Once your server is live and tools are registered, building LLM tool-calling agents with Laravel Prism covers the other half: orchestrating multi-step agents that call your MCP tools in sequence. For the full picture of where MCP fits in Laravel's AI stack, the complete guide to the Laravel AI SDK is the logical next read.
FAQ#
Why should I expose my app as an MCP server instead of building a custom REST API?
REST APIs require clients to know your endpoints and parameter shapes. MCP tools are self-describing: AI clients read your #[Description] attributes and decide how and when to call them. This works for both OpenAI and Anthropic without rewriting anything. You don't replace REST,both sit alongside each other for different clients.
How does tool description quality affect AI model behavior?

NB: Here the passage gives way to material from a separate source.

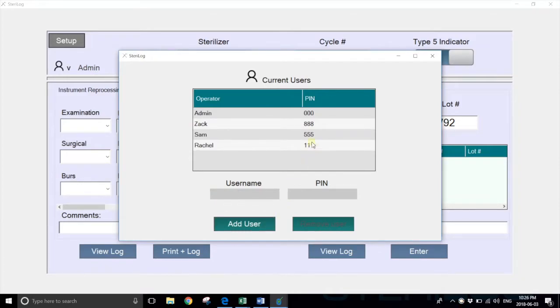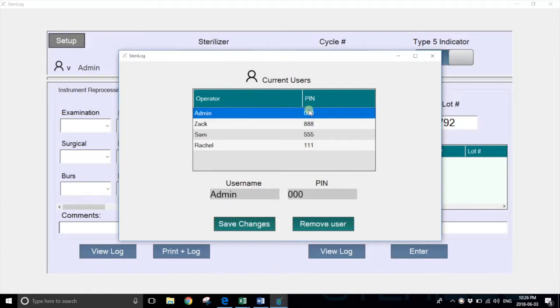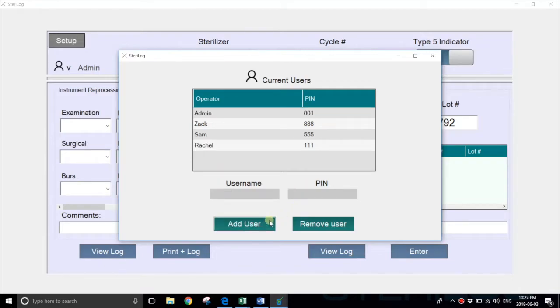To modify a PIN, we can select it from the rows here. For example, admin—we can just change the PIN and hit save changes.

Tool descriptions drive whether the LLM calls your tool at all. "Gets invoice data" is too vague,the model might skip it. "Returns invoices matching a customer name or status filter, limited to 20 results with invoice ID, amount, status, and due date" is specific enough that the model knows exactly when to use it. Vague descriptions = skipped tools. Clear descriptions = reliable tool calling.
What happens if my MCP tool throws an exception?
By default, Prism converts the exception to a string and sends it back to the LLM, which can adapt and retry. If you call ->withoutToolErrorHandling(), the exception propagates,useful in testing, dangerous in production. For production agents, let Prism handle errors gracefully so the LLM can decide the next step.
Can I add an outputSchema() method to my MCP tool to validate response structure?
Yes,adding outputSchema() gives AI clients a machine-readable contract for what your tool returns. Without it, models sometimes hallucinate field names. It's optional but recommended for any tool returning complex JSON data. The schema prevents the LLM from misinterpreting your response structure.